We all have tendencies to doodle or write words like "Wash Me" on the back of cars that haven't been washed in ages. Scott Wade, of San Marcos, Texas, took that doodling to a whole other level. Wade creates copies of masterpieces and his own original art with incredible detail that won't last through the next rainstorm. Wade is a dirty car artist. 

I would appreciate your comment on how I did and how I can improve my second multimedia. 

Dirty Car Artist - Scott Wade - Multimedia 
http://www.nenque.com/dust


----------



## John_05 (Sep 2, 2006)

thats some amazing art work he does with the dust on the windows.
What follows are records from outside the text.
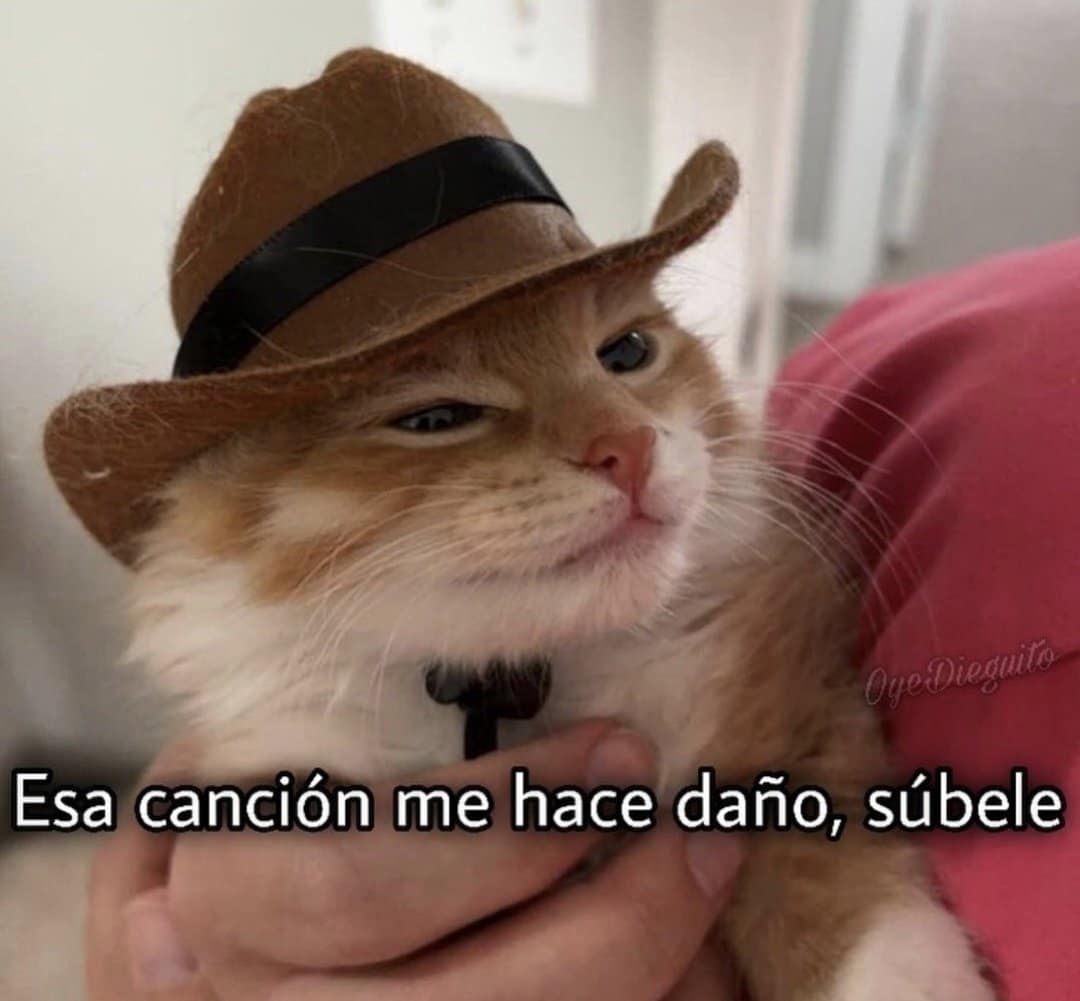 Soundtrack del daño emocional convertido en experiencia trascendente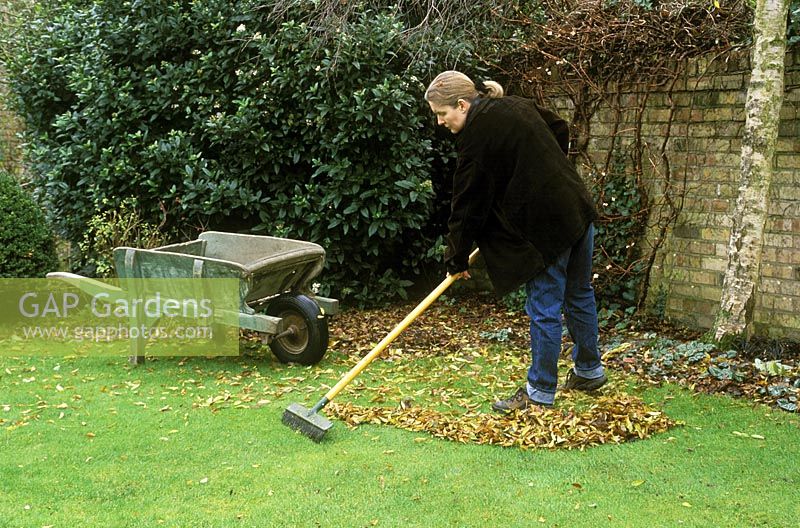Woman sweeping and collecting autumn leaves from lawn with old fashioned wooden wheelbarrow
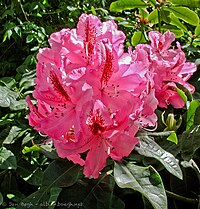 Rhododendron 'Furnivals daughter'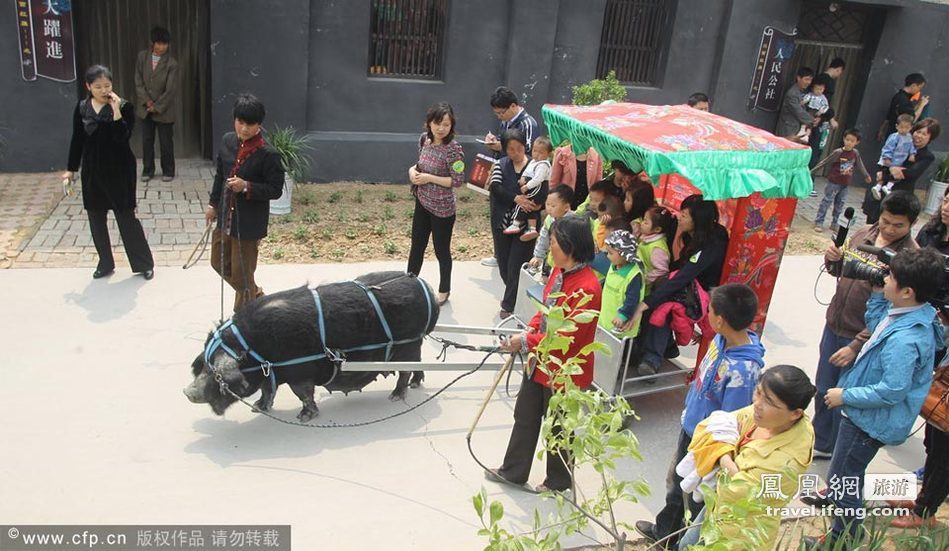 济南小猪趣味运动会 跳水跨栏显本领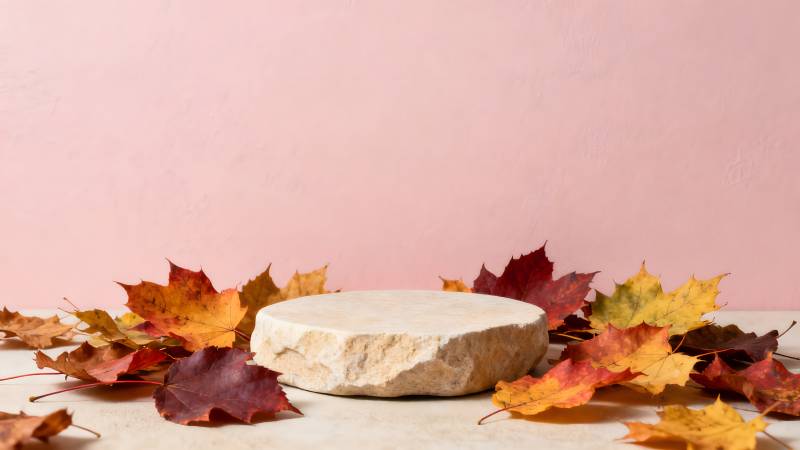 秋叶环绕的石台图片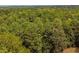 Lush green tree canopy; serene wooded landscape at 1152 Harbins Rd, Dacula, GA 30019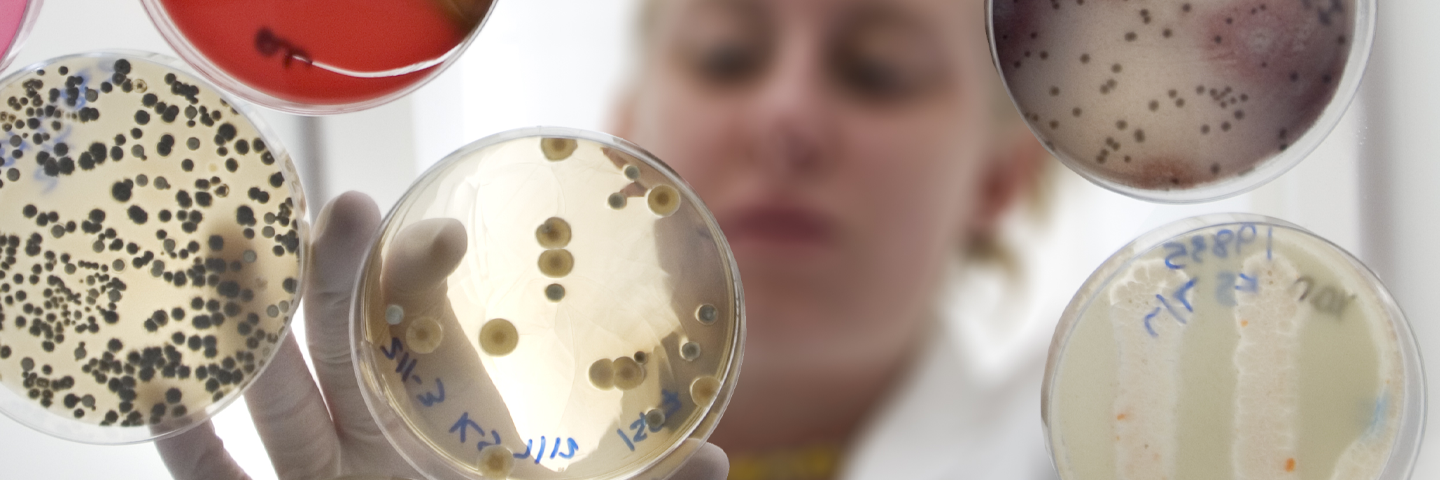 Underside view of scientist reaching down with gloved hand to petri dishes containing various types and colors of media.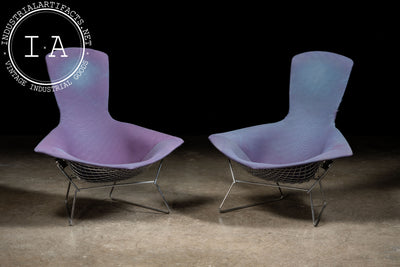 1970s Bird Chair by Herry Bertoia Bird for Knoll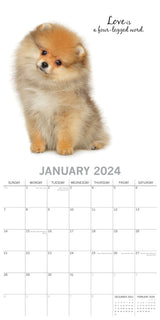 Adorable Dogs - 2024 Square Wall Calendar Pets Animals 16 Months Premium Planner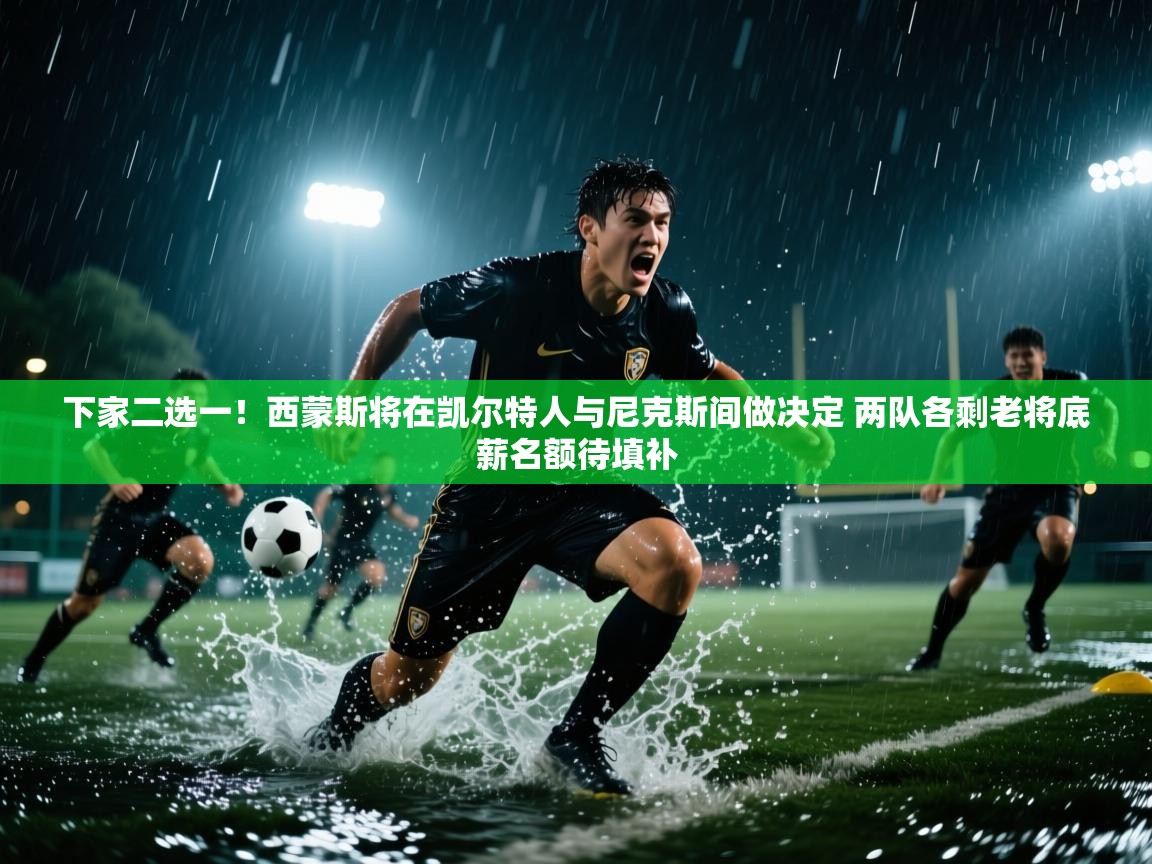 开云体育app下载-下家二选一！西蒙斯将在凯尔特人与尼克斯间做决定 两队各剩老将底薪名额待填补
to me,  the presentation seemed like it was just a slide show with sound in the background.  im not sure what you could do to make it more interesting though.  maybe some kind of different transitions between images,  or possibly a little video in between the photos.  other then that,  i thought it was pretty cool.  the artwork and photos were interesting enough that i enjoyed watching it.


----------



## nenque (Sep 2, 2006)

Here is the story if you all would like to read it.

http://star.txstate.edu/index.php?op...k=view&id=1768

 Andrew


----------



## xfloggingkylex (Sep 3, 2006)

reminds me of the sand artists, you know the ones that "paint" like that using sand on an overhead?


----------



## wolfepakt (Sep 7, 2006)

WOW!
That is amazing!

(Off topic I can't believe anyone is taking the Kinky for Gov thing serious in TX!)


----------



## Hfry (Sep 7, 2006)

Hmm... Talent... But... I find no Appeal to it.  At least he found his Medium...... haha. Yea. i a littlle We tarded.


----------



## tranceplant (Sep 9, 2006)

that rocks


----------



## MommyOf4Boys (Sep 11, 2006)

That is awesome!!


----------



## Stardustin (Sep 14, 2006)

That was really fantastic.  I'd come to a car show with art like that!:blushing:


----------



## L146705 (Sep 19, 2006)

I bet he speant ages learning all that stuff. I don't really see much point in it tho.


----------



## Anubis (Sep 20, 2006)

Very cool!


----------



## Rob (Sep 22, 2006)

Excellent stuff. I think you did really well in capturing it! Perhaps a shame that there aren't more images and more cars to see, but a great job anyway!

Rob


----------